The regulation introduces certain safeguards, including that the sale price must be at least equal to the market opening price and that the DGT determines the sale window and quantity. Securities-broker fees, taxes, and administrative costs are deducted from the proceeds. Unlike traditional auctions of physical assets, sale of shares under this regulation occurs directly in the stock exchange, making enforcement faster and aligned with market mechanisms.
- Settlement
Following the sale of shares, the process moves into settlement. The sale proceeds are credited to the DGT’s accounts. Any and all costs incurred in connection with the share sale process, including transfer costs, brokerage fees, taxes, custody, and/or administrative expenses, shall be accounted for and offset against the proceeds of such share sale. If the transfer of shares generates excess value beyond the tax liability and collection costs, the DGT is required to return the surplus funds or remaining shares to the taxpayer.

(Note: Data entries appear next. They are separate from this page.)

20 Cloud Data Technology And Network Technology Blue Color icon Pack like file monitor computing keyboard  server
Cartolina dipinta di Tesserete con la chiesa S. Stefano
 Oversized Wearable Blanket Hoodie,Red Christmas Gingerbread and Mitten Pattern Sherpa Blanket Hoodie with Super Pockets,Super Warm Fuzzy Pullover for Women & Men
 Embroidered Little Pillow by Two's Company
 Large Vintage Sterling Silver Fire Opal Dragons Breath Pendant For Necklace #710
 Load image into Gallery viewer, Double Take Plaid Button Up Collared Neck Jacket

Implications for Stakeholders
From the perspective of investors, Regulation 26/2025 significantly expands the real enforcement risk for taxpayers holding marketable securities. Capital market portfolios are no longer “safe” from tax enforcement but are now fully operational objects of collection, as the regulation integrates tax enforcement directly into the infrastructure of the capital market. In addition, the regulation also increases transparency between DGT, OJK, KSEI, securities-broker, and custodian bank – allowing them to cooperate in providing data and executing the enforcement. Further, forced sale of shares may occur without considering best timing, potentially during volatile market conditions or when large sales push prices down. From commercial perspective, tax enforcement is no longer merely a legal compliance issue but also a portfolio value risk, as it creates a risk to investment value.
The seizure and sale of shares may affect voting rights composition, ownership structure, financing arrangements, and public disclosure obligations. Changes in significant shareholdings triggered by tax enforcement may also intersect with capital market obligations such as reporting and corporate control.
Conclusion
Regulation 26/2025 marks a significant development in Indonesian tax enforcement by integrating the capital market ecosystem into the collection framework. The tax authority now has a clear operational mechanism to block, seize, and liquidate listed shares to recover unpaid tax debts.
In light of Regulation 26/2025, taxpayers with investments in publicly traded shares should observe its compliance and begin viewing tax risk alongside portfolio risk in order to avoid forced liquidation and business disruption. Early engagement with the tax authority should be considered to prevent escalation from administrative compliance into coercive market liquidation.